### Exercise materials

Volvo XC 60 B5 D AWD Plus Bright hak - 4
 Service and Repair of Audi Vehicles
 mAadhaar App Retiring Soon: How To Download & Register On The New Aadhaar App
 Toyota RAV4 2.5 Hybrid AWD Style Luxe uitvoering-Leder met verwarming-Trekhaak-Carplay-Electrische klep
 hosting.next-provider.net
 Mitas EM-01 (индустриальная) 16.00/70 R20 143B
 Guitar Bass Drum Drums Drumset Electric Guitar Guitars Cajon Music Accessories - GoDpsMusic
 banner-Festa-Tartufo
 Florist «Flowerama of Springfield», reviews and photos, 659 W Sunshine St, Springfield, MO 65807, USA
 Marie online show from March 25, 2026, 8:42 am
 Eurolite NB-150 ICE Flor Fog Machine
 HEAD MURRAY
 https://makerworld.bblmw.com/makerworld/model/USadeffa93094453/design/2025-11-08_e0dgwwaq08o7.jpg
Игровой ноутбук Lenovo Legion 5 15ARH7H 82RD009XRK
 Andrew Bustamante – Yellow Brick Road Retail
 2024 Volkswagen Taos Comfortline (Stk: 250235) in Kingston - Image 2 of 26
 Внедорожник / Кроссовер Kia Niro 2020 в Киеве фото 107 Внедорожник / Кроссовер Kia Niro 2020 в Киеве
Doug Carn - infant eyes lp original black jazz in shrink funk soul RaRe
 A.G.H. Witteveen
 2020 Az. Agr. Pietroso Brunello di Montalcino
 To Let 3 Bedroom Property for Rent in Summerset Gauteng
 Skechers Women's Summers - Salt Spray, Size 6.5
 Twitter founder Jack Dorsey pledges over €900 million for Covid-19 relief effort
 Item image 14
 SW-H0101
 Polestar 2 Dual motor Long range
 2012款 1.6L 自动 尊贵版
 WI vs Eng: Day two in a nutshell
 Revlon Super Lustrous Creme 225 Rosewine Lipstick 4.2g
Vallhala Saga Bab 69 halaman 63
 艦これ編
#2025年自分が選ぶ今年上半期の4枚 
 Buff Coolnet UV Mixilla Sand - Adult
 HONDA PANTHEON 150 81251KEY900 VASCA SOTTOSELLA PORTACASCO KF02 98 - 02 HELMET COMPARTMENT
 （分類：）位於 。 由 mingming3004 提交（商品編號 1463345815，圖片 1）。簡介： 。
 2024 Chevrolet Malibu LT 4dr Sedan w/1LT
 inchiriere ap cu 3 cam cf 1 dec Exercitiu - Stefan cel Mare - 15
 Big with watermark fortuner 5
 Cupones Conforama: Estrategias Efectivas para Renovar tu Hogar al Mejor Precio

### Directions for this task
An exact repeat of all the records is required.

### Exercise solution
Volvo XC 60 B5 D AWD Plus Bright hak - 4
 Service and Repair of Audi Vehicles
 mAadhaar App Retiring Soon: How To Download & Register On The New Aadhaar App
 Toyota RAV4 2.5 Hybrid AWD Style Luxe uitvoering-Leder met verwarming-Trekhaak-Carplay-Electrische klep
 hosting.next-provider.net
 Mitas EM-01 (индустриальная) 16.00/70 R20 143B
 Guitar Bass Drum Drums Drumset Electric Guitar Guitars Cajon Music Accessories - GoDpsMusic
 banner-Festa-Tartufo
 Florist «Flowerama of Springfield», reviews and photos, 659 W Sunshine St, Springfield, MO 65807, USA
 Marie online show from March 25, 2026, 8:42 am
 Eurolite NB-150 ICE Flor Fog Machine
 HEAD MURRAY
 https://makerworld.bblmw.com/makerworld/model/USadeffa93094453/design/2025-11-08_e0dgwwaq08o7.jpg
Игровой ноутбук Lenovo Legion 5 15ARH7H 82RD009XRK
 Andrew Bustamante – Yellow Brick Road Retail
 2024 Volkswagen Taos Comfortline (Stk: 250235) in Kingston - Image 2 of 26
 Внедорожник / Кроссовер Kia Niro 2020 в Киеве фото 107 Внедорожник / Кроссовер Kia Niro 2020 в Киеве
Doug Carn - infant eyes lp original black jazz in shrink funk soul RaRe
 A.G.H. Witteveen
 2020 Az. Agr. Pietroso Brunello di Montalcino
 To Let 3 Bedroom Property for Rent in Summerset Gauteng
 Skechers Women's Summers - Salt Spray, Size 6.5
 Twitter founder Jack Dorsey pledges over €900 million for Covid-19 relief effort
 Item image 14
 SW-H0101
 Polestar 2 Dual motor Long range
 2012款 1.6L 自动 尊贵版
 WI vs Eng: Day two in a nutshell
 Revlon Super Lustrous Creme 225 Rosewine Lipstick 4.2g
Vallhala Saga Bab 69 halaman 63
 艦これ編
#2025年自分が選ぶ今年上半期の4枚 
 Buff Coolnet UV Mixilla Sand - Adult
 HONDA PANTHEON 150 81251KEY900 VASCA SOTTOSELLA PORTACASCO KF02 98 - 02 HELMET COMPARTMENT
 （分類：）位於 。 由 mingming3004 提交（商品編號 1463345815，圖片 1）。簡介： 。
 2024 Chevrolet Malibu LT 4dr Sedan w/1LT
 inchiriere ap cu 3 cam cf 1 dec Exercitiu - Stefan cel Mare - 15
 Big with watermark fortuner 5
 Cupones Conforama: Estrategias Efectivas para Renovar tu Hogar al Mejor Precio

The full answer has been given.